[Data entries]
----

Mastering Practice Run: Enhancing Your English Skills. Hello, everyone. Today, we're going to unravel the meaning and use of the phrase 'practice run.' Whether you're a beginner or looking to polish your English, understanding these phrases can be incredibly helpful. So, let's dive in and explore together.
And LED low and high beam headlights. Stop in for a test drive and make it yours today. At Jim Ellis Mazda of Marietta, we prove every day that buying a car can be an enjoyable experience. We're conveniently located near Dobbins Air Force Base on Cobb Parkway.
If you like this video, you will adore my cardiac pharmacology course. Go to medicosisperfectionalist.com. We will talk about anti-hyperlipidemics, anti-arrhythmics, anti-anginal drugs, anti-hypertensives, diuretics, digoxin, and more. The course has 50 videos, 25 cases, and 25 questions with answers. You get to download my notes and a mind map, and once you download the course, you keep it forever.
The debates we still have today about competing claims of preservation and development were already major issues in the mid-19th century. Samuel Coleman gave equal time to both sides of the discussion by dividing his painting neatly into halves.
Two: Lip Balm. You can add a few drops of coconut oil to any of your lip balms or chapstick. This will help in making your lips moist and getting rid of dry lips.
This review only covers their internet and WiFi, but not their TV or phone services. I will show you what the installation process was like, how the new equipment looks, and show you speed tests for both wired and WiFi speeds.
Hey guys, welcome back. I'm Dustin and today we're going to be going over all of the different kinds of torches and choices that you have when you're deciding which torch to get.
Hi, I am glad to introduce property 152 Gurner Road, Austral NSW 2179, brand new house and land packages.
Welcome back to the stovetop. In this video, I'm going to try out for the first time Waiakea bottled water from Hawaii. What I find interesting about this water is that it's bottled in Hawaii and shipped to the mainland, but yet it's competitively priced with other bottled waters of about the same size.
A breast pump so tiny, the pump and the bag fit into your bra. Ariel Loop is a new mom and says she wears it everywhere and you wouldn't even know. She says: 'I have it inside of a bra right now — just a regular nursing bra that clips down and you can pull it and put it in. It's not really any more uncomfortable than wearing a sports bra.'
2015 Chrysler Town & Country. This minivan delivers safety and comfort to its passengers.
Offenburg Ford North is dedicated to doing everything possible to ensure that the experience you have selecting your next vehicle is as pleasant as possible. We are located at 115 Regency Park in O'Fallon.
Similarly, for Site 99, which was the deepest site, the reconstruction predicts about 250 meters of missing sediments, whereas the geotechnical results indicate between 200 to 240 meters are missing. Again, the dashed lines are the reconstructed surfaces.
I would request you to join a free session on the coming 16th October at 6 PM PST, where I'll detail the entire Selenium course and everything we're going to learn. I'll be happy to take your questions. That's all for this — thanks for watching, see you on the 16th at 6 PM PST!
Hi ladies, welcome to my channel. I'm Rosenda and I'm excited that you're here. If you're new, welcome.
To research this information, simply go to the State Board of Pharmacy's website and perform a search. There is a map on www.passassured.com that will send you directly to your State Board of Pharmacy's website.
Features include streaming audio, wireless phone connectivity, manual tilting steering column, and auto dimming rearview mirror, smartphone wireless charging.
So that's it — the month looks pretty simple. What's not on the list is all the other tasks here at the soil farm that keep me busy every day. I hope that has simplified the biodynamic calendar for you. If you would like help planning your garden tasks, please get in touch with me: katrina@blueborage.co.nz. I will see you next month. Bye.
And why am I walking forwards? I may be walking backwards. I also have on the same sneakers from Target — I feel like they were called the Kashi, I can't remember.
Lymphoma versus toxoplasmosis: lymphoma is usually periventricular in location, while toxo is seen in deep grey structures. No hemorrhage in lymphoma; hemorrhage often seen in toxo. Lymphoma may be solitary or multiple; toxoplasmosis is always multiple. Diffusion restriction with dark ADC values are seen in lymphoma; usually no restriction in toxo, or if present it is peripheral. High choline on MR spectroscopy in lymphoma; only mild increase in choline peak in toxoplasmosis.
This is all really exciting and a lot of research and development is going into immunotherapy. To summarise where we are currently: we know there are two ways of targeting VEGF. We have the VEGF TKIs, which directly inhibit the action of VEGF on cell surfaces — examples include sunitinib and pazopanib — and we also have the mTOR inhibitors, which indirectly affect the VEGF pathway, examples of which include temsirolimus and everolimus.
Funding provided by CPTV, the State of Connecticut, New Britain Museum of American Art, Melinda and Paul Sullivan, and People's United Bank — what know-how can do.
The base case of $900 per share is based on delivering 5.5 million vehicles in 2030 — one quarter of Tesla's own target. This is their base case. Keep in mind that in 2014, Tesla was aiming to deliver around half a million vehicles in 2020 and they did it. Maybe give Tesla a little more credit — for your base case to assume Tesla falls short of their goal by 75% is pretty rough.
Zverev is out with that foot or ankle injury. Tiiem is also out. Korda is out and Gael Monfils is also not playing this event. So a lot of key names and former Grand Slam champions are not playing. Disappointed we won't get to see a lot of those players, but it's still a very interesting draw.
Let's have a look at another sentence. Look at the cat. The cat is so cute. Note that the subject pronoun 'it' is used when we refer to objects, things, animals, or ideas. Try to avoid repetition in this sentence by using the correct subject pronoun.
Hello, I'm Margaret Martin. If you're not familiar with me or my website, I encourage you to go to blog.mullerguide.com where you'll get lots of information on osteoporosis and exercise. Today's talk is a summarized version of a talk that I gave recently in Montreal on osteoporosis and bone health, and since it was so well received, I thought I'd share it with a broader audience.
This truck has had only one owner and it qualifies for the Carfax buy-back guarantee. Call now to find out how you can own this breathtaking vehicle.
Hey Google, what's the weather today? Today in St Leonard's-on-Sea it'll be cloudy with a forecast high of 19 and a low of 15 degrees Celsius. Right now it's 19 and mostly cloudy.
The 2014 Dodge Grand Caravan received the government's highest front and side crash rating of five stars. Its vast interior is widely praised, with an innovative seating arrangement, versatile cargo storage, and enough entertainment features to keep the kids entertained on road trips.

----

What is needed: Write out exactly the lines above between the line with "This truck has" and the line with "Hey Google, what's", inclusive, and nothing beyond them.

Answer box:
This truck has had only one owner and it qualifies for the Carfax buy-back guarantee. Call now to find out how you can own this breathtaking vehicle.
Hey Google, what's the weather today? Today in St Leonard's-on-Sea it'll be cloudy with a forecast high of 19 and a low of 15 degrees Celsius. Right now it's 19 and mostly cloudy.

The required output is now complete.